Can pre-registering households help?

Pre-registration of households - whereby a routinely updated database would be used to complete a rapid verification or validation process - could save a lot of time compared to the lengthier full registration process. Furthermore, this could reduce the risk of deploying volunteers nd staff while the water level is already rising during floods, or the temperature is high during heat waves.

Since the 2021 flood season, forecast-based financing actors in Bangladesh have been building a beneficiary database to be accessed and used during anticipatory actions. Previously, the Bangladesh Red Crescent Society utilized the lead time available after the pre-activation trigger, and drew on the strength of their volunteer pool, to quickly register beneficiaries just before implementing the early action. In future, improved social protection systems could provide a way to quickly pre-register vulnerable households.

How much cash should be transferred?

The multi-purpose cash grant for response and recovery was determined by the Bangladesh cash working group in 2018 as 4,500 Bangladeshi Taka (US$52) per person. A recent evaluation of the EAP for Floods activation in 2020 identified that 44 per cent of beneficiaries had to borrow money to manage the adverse impact of the flood. This raises the question of whether the grant amount should be increased to meet the needs of affected populations.

How does engagement with stakeholders make a difference?

The Bangladesh Red Crescent Society’s engagement with the community enabled them to quickly communicate key messages on alerts, and to take early actions such as evacuations or cash transfers. Engaging with the local administration and peoples’ representatives facilitated the smooth delivery of cash. Continuous engagement with financial service providers, and the revision of supporting agreements, enabled additional flexibility, understanding and support from them.

Are there any differences between rural and urban settings?

Experience in Bangladesh shows that there are differences in cash early action in rural and urban areas. For instance, while the modality of the cash transfer is through mobile money transfers, having an identity document is a prerequisite.
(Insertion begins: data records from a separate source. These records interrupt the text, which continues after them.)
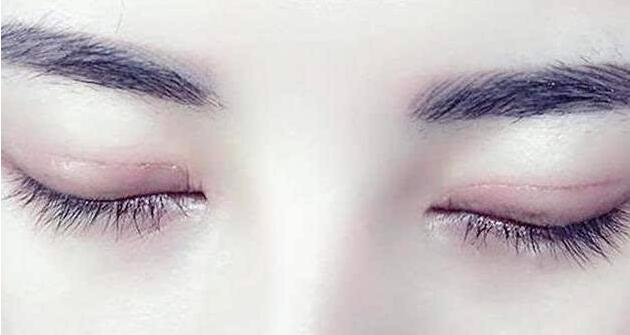 全切雙眼皮手術(shù)什么時(shí)候拆線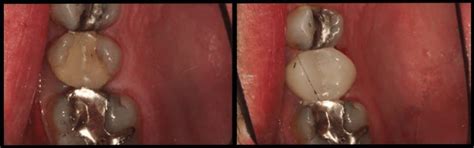 Patient Testimonial: Bernie’s CEREC Crown – Atlanta Cosmetic Dentistry ...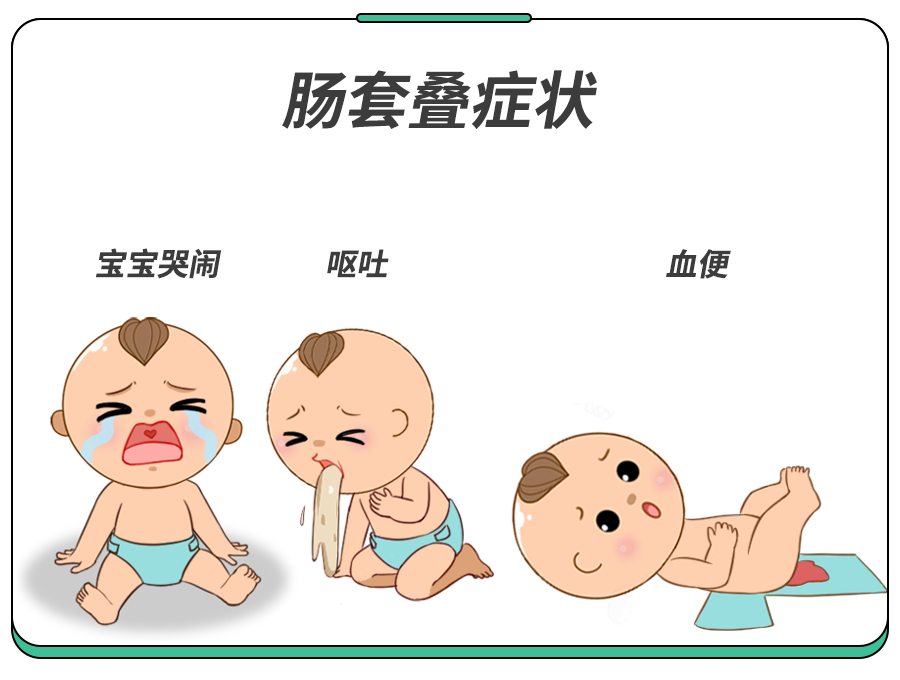 肠套叠通常发生于6~36月龄,约60%的肠套叠患儿不到1岁,80%~90%不到2岁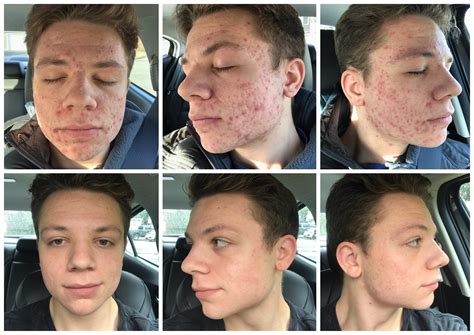 Before and after 4 months of accutane 🙂🙂 : r/Accutane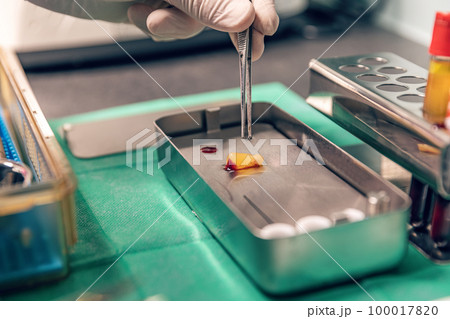 Platelet rich fibrin therapy 100017820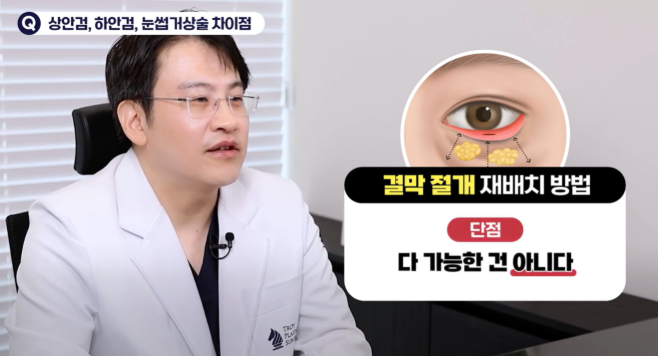 눈밑지방재배치, 이런 경우에는 효과가 제한적일 수 있습니다 관련 이미지 5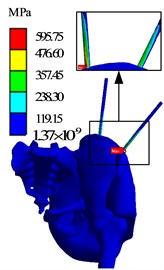 Finite element analysis results of AB3 group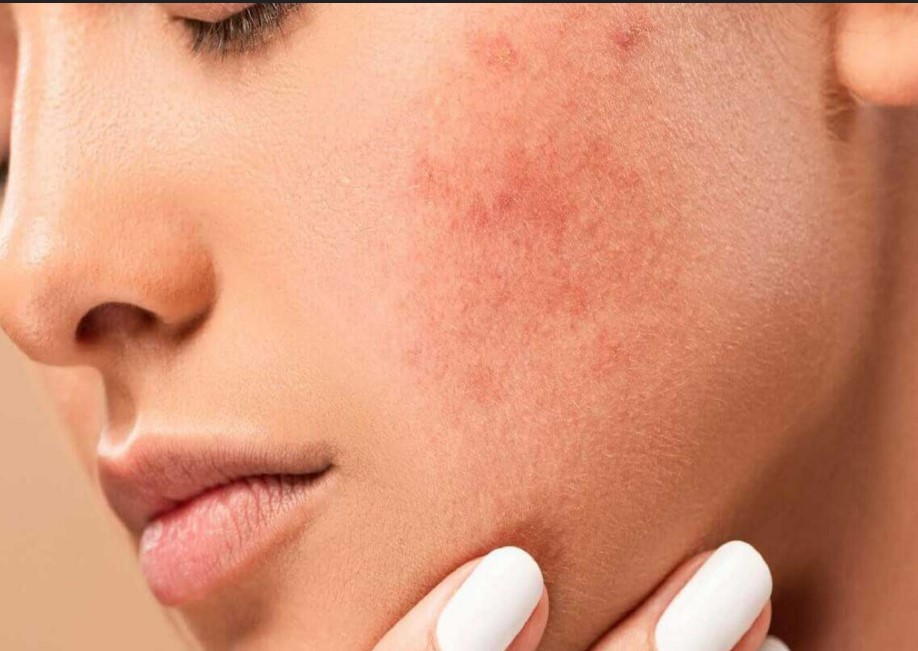 Sivilce Bakımı ve Tedavisi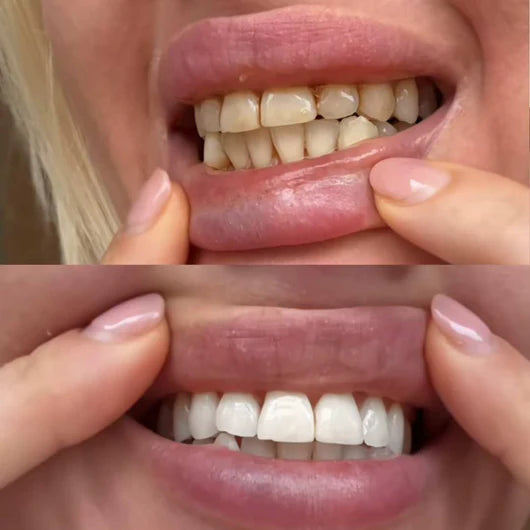 Charcoal PAP+ Teeth Whitening Strips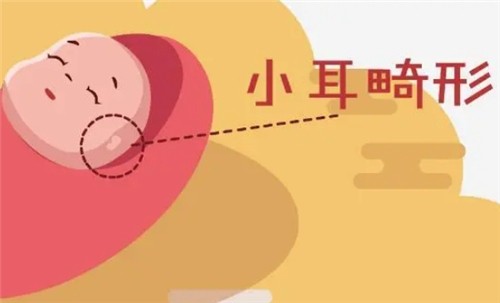 【河南中醫(yī)藥大學(xué)一附院】莊洪興教授暑假坐診，耳畸形修復(fù)限時(shí)預(yù)約！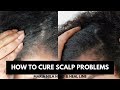 HOW TO CURE SCALP PROBLEMS WITH MARIA NILA HEAD & HEAL LINE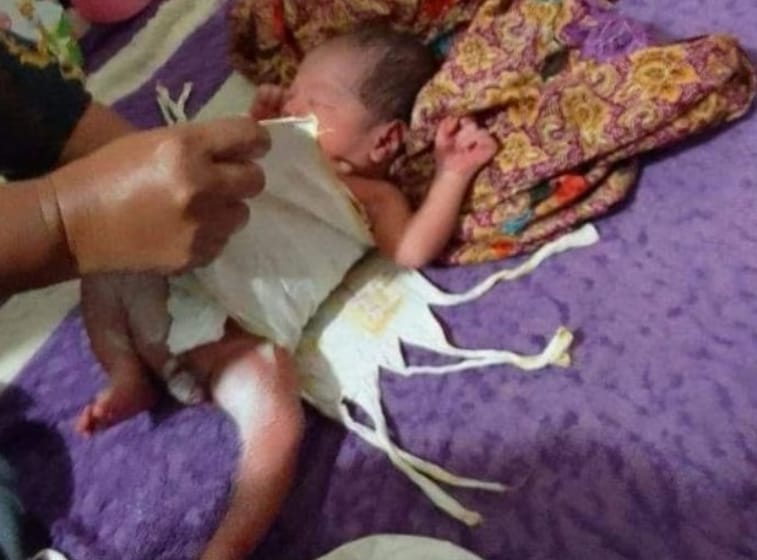 Bayi yang berhasil diselamatkan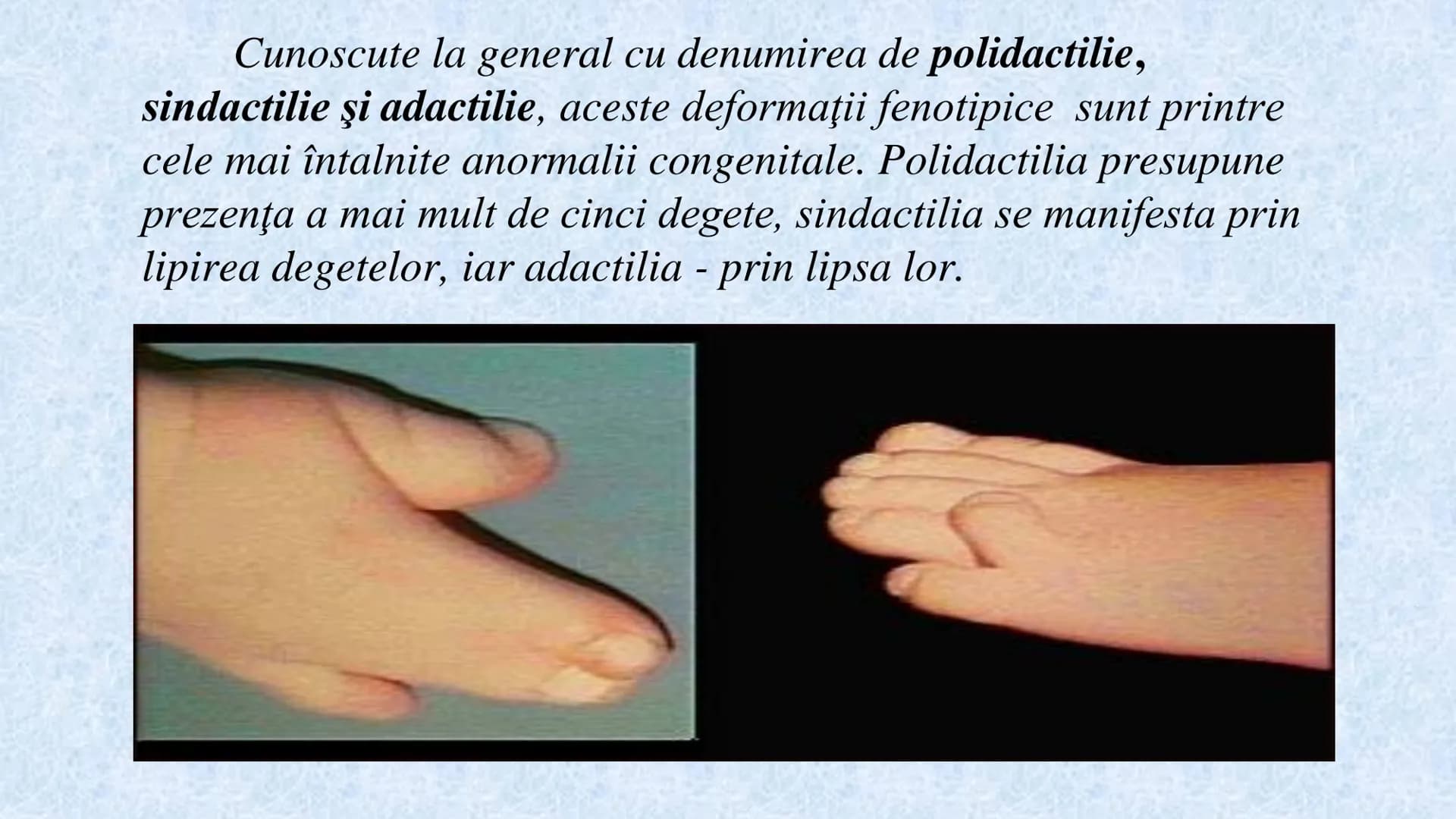 # Acizii nucleici sunt ADN-ul și ARN-ul

## ADN

- Sediul principal al ADN-ului
este nucleul celulelor.
- Sedii secundare sunt:
mitocondriil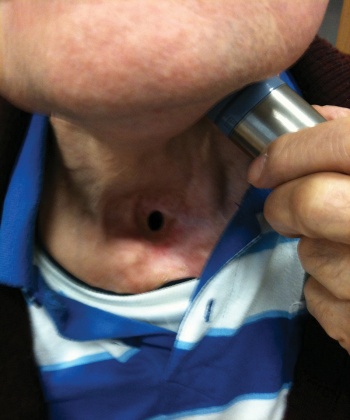 Figure 3: Patient using vibrator for speech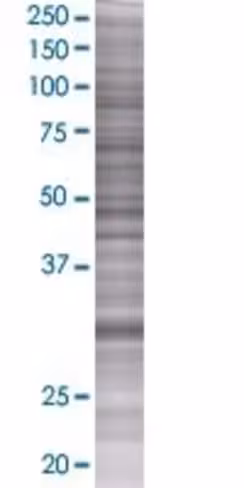 Qpctl 293t cell transient overexpre ssion lysate (denatured) 100 µl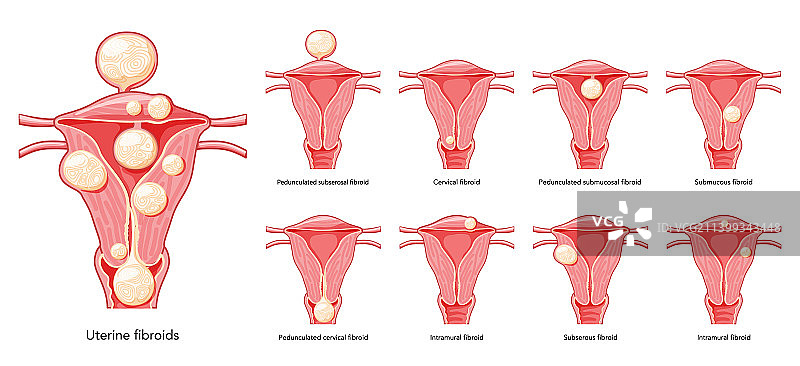 子宫肌瘤女性平滑肌瘤合集图片素材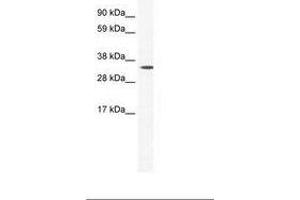 Image no. 1 for anti-Homeobox B1 (HOXB1) (AA 26-75) antibody (ABIN202186) (HOXB1 抗体  (AA 26-75))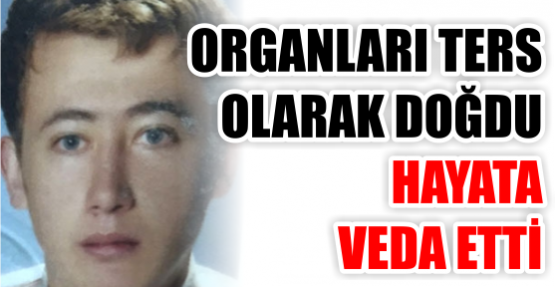 ... lokantada bulaşıkçılık yapan Dursun Gündoğan ile ev hanımı Güliser Gündoğan&#39;ın oğlu 33 yaşındaki Durmuş Gündoğan ikametinde kalp krizi geçirdi. - organlari_ters_olarak_dogdu_yasam_mucadelesini_kaybetti_h24562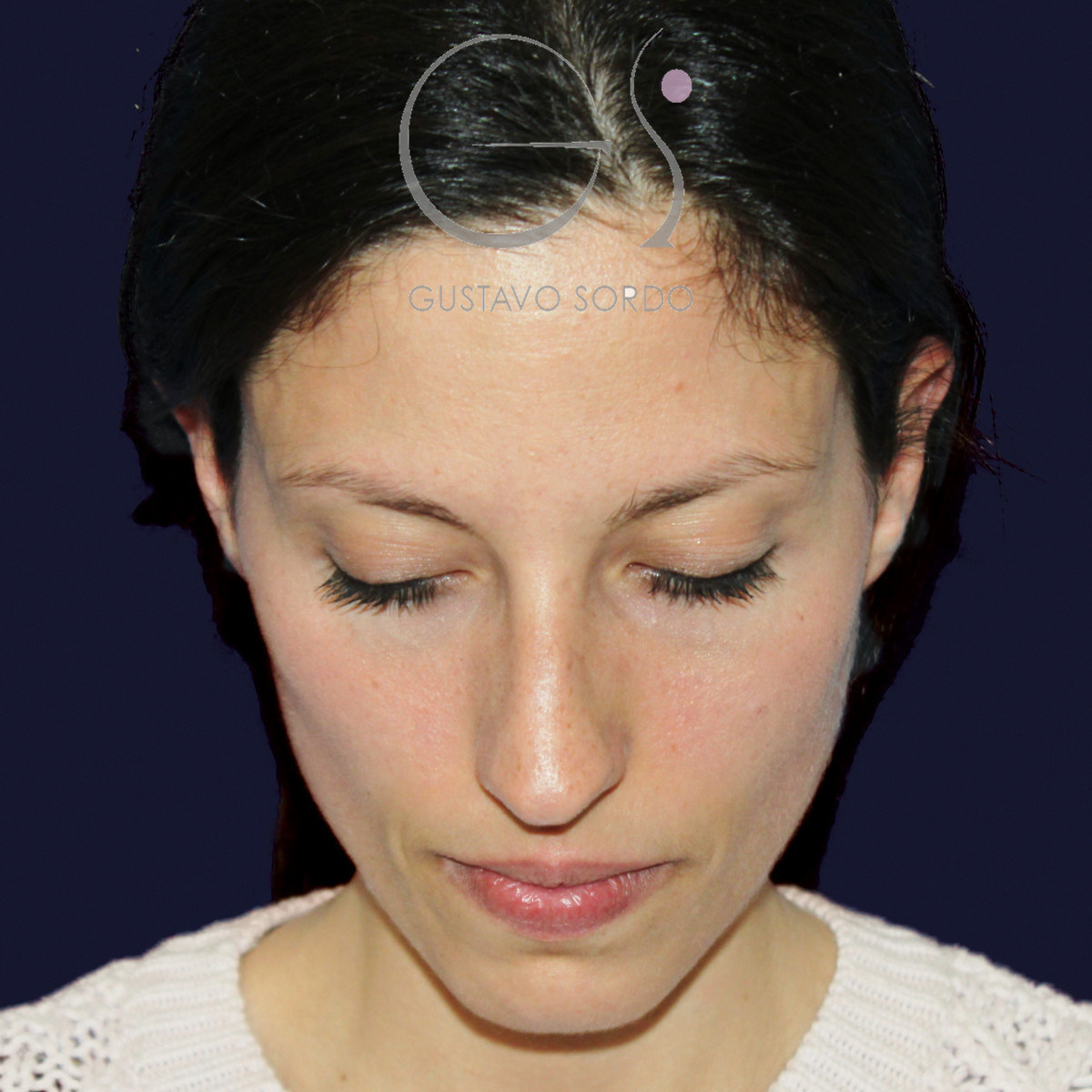 Antes de rinoplastia en nariz a tensión, vista frontal con el mentón abajo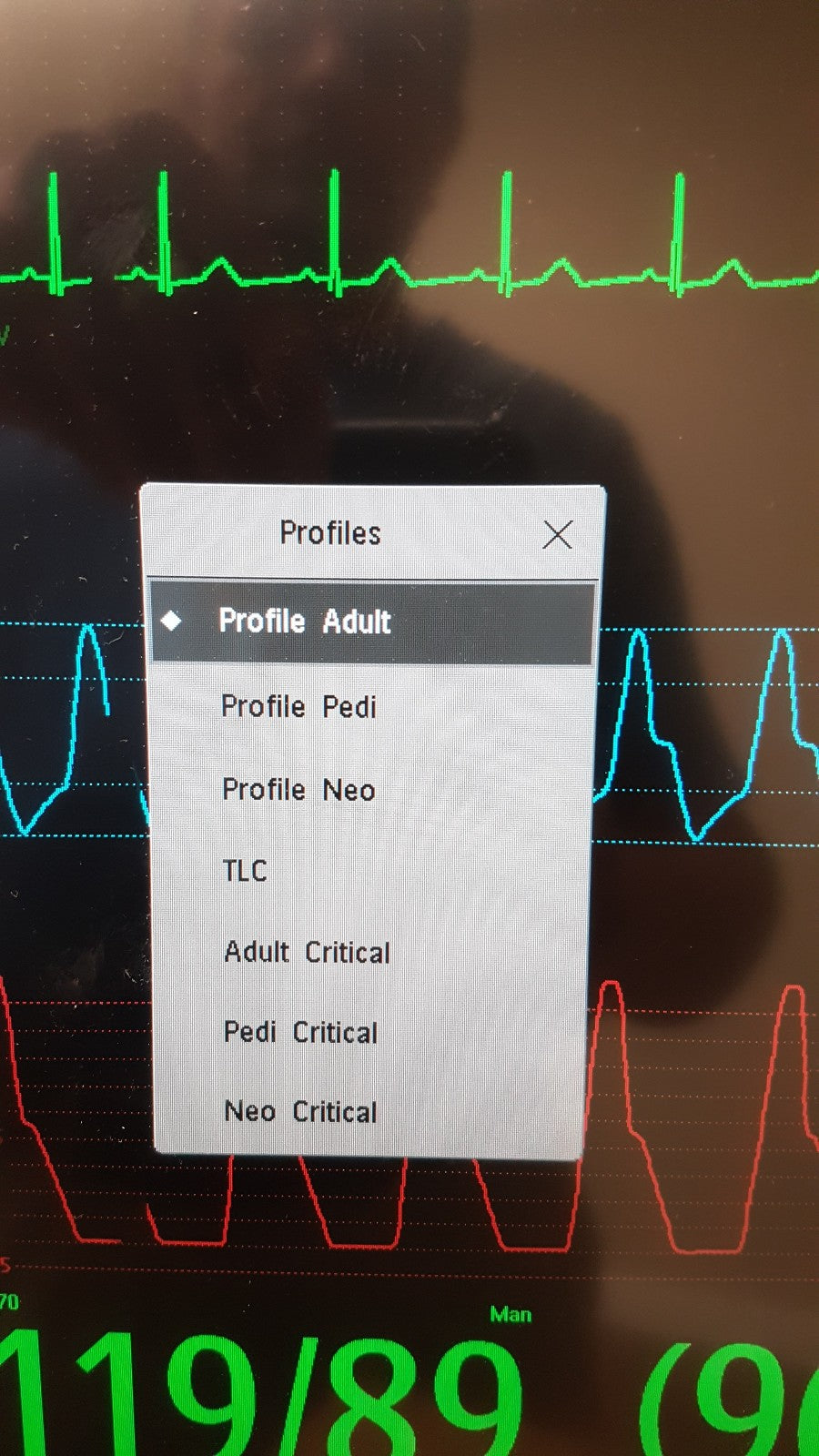 Philips IntelliVue MX800 Monitor 865240 W/ FMS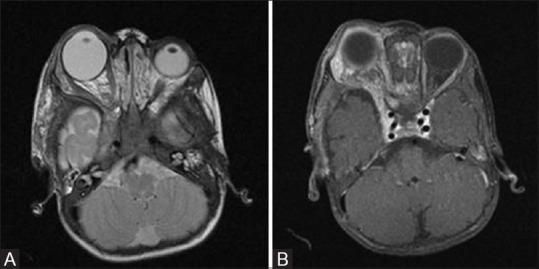 https://cdn.ncbi.nlm.nih.gov/pmc/blobs/4eb2/7546286/6667885c166f/IJRI-30-195-g004.jpg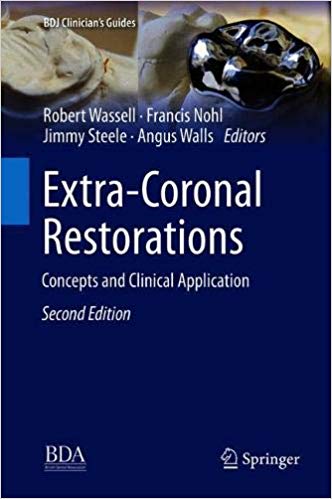 Extra-Coronal Restorations: Concepts and Clinical Application (BDJ Clinician’s Guides)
While implementing cash transfer in Dhaka, it was found that many rickshaw drivers, van pullers and street vendors temporarily migrated, leaving their documents back in their village, which made it challenging to reach and serve them. These kinds of challenges were rare in rural communities. Appropriate, user-friendly technology will ease the transfers in both urban and rural contexts in the future, as the technology moves with the people.

As migrant and 'floating' populations in urban areas are more mobile, it was challenging to reach them for verification of information or to get post-distribution feedback. Rural households were more easily traceable, even after a couple of months.

In terms of utilization of the cash, a major portion was used for medical expenses and rent in urban areas, whereas expenditures in rural areas were more on food. Further research is needed on whether the cash grant amount in urban and rural settings needs to differ.

The way forward

Experiences in Bangladesh show that cash early action has the potential to benefit the lives and livelihoods of the most vulnerable people, to both flooding and heat waves. However, many insights were also gathered that need to be considered, including the constraints to processing and allocating cash in rural and urban areas, and the need for a collaborative, multistakeholder approach.